▶ [What to do]:
Each line from the one containing "Green Blood Covered" through the end of the data must be retyped exactly, and no other line.
----- Supplied records -----
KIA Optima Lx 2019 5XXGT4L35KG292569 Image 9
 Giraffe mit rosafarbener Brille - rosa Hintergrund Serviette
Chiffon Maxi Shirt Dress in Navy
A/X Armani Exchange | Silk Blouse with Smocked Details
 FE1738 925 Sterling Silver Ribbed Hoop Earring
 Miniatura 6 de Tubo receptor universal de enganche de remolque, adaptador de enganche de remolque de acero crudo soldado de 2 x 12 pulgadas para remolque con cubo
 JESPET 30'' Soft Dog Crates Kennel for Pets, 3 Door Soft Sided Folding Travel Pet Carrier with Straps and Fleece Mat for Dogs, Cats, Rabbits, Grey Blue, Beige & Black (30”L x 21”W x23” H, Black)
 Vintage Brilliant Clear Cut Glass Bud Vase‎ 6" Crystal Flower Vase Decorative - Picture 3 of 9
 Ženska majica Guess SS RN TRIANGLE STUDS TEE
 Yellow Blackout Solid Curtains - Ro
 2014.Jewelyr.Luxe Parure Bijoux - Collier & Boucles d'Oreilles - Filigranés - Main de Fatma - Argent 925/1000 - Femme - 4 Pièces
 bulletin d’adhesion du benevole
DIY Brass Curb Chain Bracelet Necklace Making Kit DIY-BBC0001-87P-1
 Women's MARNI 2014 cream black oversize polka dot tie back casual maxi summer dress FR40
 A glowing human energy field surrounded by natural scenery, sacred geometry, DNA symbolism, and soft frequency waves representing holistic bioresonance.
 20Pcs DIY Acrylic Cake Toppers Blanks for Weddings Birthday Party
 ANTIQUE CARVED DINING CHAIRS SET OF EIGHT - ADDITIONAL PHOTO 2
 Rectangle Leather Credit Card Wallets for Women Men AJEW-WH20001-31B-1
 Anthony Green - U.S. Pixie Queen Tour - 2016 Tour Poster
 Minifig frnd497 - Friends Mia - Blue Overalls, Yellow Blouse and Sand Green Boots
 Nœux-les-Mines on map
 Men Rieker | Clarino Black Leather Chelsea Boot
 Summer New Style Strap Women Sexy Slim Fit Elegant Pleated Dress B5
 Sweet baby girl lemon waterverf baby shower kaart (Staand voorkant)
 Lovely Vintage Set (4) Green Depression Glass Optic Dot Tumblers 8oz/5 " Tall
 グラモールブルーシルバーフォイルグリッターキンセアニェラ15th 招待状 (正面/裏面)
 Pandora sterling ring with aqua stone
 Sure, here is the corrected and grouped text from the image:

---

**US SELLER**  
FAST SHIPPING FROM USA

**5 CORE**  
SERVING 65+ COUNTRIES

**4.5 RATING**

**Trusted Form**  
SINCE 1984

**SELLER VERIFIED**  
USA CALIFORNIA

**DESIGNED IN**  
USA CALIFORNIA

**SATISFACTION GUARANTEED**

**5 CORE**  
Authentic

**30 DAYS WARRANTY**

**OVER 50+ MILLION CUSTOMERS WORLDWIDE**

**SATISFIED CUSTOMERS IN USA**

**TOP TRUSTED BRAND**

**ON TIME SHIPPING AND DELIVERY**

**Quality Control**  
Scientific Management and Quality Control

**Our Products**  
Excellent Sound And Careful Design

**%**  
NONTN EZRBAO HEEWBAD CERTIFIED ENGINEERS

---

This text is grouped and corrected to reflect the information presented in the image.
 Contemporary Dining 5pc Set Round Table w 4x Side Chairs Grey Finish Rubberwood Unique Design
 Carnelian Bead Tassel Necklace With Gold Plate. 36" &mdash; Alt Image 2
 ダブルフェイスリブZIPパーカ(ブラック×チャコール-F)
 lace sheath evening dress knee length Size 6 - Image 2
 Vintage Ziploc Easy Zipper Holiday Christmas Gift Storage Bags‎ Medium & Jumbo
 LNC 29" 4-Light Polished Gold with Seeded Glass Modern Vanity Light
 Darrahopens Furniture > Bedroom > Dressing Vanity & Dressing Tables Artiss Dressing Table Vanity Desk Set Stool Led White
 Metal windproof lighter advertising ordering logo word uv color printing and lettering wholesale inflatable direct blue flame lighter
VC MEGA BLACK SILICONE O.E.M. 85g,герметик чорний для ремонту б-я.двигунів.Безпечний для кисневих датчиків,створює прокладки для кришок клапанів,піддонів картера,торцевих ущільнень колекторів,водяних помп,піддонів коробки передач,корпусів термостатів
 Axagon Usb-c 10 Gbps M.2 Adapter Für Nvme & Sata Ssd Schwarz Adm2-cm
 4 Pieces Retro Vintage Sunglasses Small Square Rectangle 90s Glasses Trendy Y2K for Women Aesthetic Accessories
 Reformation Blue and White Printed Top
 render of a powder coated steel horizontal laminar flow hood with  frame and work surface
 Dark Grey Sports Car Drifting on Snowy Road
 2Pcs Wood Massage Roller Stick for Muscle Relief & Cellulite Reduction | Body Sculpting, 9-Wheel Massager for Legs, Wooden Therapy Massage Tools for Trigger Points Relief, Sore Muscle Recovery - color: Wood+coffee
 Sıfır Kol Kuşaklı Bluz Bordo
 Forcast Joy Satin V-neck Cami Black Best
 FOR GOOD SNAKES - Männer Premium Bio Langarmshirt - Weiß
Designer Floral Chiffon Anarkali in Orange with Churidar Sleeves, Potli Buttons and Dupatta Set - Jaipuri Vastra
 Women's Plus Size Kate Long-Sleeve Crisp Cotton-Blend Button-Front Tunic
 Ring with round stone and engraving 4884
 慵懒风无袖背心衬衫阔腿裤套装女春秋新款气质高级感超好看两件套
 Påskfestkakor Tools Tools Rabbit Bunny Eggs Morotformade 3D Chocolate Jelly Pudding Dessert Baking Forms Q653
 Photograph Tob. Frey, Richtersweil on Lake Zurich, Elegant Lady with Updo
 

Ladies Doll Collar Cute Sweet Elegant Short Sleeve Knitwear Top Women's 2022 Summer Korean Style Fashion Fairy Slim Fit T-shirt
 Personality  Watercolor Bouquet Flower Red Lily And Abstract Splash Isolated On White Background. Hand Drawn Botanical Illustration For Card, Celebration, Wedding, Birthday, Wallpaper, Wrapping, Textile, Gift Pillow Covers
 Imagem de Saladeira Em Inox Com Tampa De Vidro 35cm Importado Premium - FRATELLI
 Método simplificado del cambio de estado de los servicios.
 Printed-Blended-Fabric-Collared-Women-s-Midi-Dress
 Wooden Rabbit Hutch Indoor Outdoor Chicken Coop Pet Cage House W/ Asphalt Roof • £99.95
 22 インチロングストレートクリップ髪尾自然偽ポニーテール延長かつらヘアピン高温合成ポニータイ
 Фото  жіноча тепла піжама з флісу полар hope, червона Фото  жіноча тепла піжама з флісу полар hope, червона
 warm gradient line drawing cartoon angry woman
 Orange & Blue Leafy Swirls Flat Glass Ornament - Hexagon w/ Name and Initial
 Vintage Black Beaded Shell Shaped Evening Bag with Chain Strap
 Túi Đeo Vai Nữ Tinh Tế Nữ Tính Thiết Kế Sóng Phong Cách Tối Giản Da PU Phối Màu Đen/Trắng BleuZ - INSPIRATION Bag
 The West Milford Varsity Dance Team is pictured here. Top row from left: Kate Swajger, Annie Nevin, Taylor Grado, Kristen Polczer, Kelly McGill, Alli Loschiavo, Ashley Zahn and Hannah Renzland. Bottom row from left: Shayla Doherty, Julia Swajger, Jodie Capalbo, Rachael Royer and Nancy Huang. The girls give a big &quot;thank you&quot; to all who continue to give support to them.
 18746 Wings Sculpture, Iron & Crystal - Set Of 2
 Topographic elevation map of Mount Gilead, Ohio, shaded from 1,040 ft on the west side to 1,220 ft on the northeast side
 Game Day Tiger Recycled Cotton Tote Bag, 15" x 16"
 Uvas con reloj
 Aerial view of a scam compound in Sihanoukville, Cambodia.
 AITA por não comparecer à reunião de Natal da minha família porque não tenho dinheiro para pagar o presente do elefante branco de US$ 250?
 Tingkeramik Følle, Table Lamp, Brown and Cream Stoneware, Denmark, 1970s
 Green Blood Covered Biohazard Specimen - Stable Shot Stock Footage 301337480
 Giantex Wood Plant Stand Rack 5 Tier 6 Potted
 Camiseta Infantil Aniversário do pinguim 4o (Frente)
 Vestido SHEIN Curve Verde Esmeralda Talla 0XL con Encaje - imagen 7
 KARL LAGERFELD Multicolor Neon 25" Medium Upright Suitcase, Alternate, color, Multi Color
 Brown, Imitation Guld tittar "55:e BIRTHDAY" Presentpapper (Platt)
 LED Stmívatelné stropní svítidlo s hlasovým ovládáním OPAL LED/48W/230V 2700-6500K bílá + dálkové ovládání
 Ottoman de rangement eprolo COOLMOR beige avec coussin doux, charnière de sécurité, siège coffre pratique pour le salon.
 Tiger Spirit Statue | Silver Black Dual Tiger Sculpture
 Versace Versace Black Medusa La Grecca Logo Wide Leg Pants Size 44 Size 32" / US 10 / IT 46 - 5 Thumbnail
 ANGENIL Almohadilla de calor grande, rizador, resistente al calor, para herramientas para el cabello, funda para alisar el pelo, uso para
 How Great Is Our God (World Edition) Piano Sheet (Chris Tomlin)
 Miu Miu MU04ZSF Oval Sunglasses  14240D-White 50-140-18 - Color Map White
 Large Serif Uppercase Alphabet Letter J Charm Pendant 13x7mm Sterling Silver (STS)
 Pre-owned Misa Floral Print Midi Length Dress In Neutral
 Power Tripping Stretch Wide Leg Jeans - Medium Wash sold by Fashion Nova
-----
▶ [Response area]:
 Green Blood Covered Biohazard Specimen - Stable Shot Stock Footage 301337480
 Giantex Wood Plant Stand Rack 5 Tier 6 Potted
 Camiseta Infantil Aniversário do pinguim 4o (Frente)
 Vestido SHEIN Curve Verde Esmeralda Talla 0XL con Encaje - imagen 7
 KARL LAGERFELD Multicolor Neon 25" Medium Upright Suitcase, Alternate, color, Multi Color
 Brown, Imitation Guld tittar "55:e BIRTHDAY" Presentpapper (Platt)
 LED Stmívatelné stropní svítidlo s hlasovým ovládáním OPAL LED/48W/230V 2700-6500K bílá + dálkové ovládání
 Ottoman de rangement eprolo COOLMOR beige avec coussin doux, charnière de sécurité, siège coffre pratique pour le salon.
 Tiger Spirit Statue | Silver Black Dual Tiger Sculpture
 Versace Versace Black Medusa La Grecca Logo Wide Leg Pants Size 44 Size 32" / US 10 / IT 46 - 5 Thumbnail
 ANGENIL Almohadilla de calor grande, rizador, resistente al calor, para herramientas para el cabello, funda para alisar el pelo, uso para
 How Great Is Our God (World Edition) Piano Sheet (Chris Tomlin)
 Miu Miu MU04ZSF Oval Sunglasses  14240D-White 50-140-18 - Color Map White
 Large Serif Uppercase Alphabet Letter J Charm Pendant 13x7mm Sterling Silver (STS)
 Pre-owned Misa Floral Print Midi Length Dress In Neutral
 Power Tripping Stretch Wide Leg Jeans - Medium Wash sold by Fashion Nova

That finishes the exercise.